The pair of them honored a silent agreement that some part of her would always hate him, and the greater part of him would swallow that hate and turn it into love.
Not that he deserved her. She definitely didn’t deserve him. Yet there they were, their baby on the horizon. Her bladder full, his smile gentle.
“Honey’,” he said, cupping her cheek. “It doesn’t matter what the women think. When we’re in here, what’s out there isn’t privy to our secrets.”
With a sigh, she looked down at the belly between them. At a baby who was running out of space and due to be born.
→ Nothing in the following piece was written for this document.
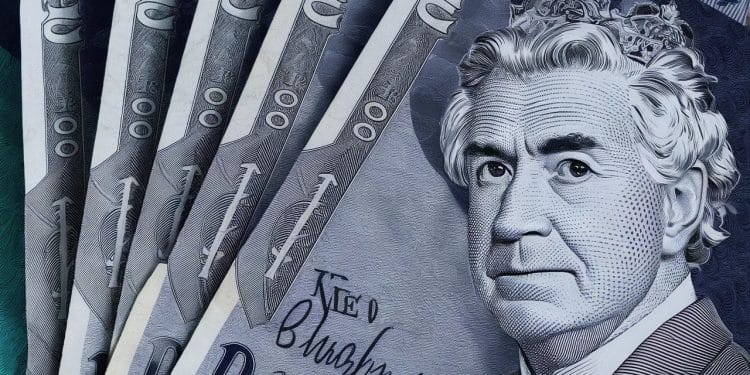 Le Roi Charles III S’Affiche sur les Nouveaux Billets Britanniques - Viral Mag Découvrez les nouveaux billets de banque du Royaume Uni à leffigie du Roi Charles III qui remplacent progressivement ceux avec la Reine Elizabeth II Viral Mag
“Which is why I deserve you.” She deserved the burden of the other women’s concern and question of her judgment. Because she would never tell them she’d stolen the one thing not one of them would have.
“You had a long day and you’re tired.” Easing her toward the restroom, he ordered, “Use the toilet. I’ll have a surprise waiting.”
Grumbling, she obeyed. “The only thing surprising about your dick these days is that a man your age can still keep it up.”
Ignoring her sass, she was left in silence to pee. And came back to the room to find him holding up her coat.
Which, in all fairness, was surprising. “I’m not feeling up to a stroll about the deck.” Not when she’d hear the party on Level 15.
His smile grew, hazel gaze twinkling. “How about a moonlit boat ride on the lake?”
Expression excited, she blurted, “I want to walk on the shore.”
Wild dogs howled in the night.
With nothing but adoration shining from his eyes, he refused, “No.”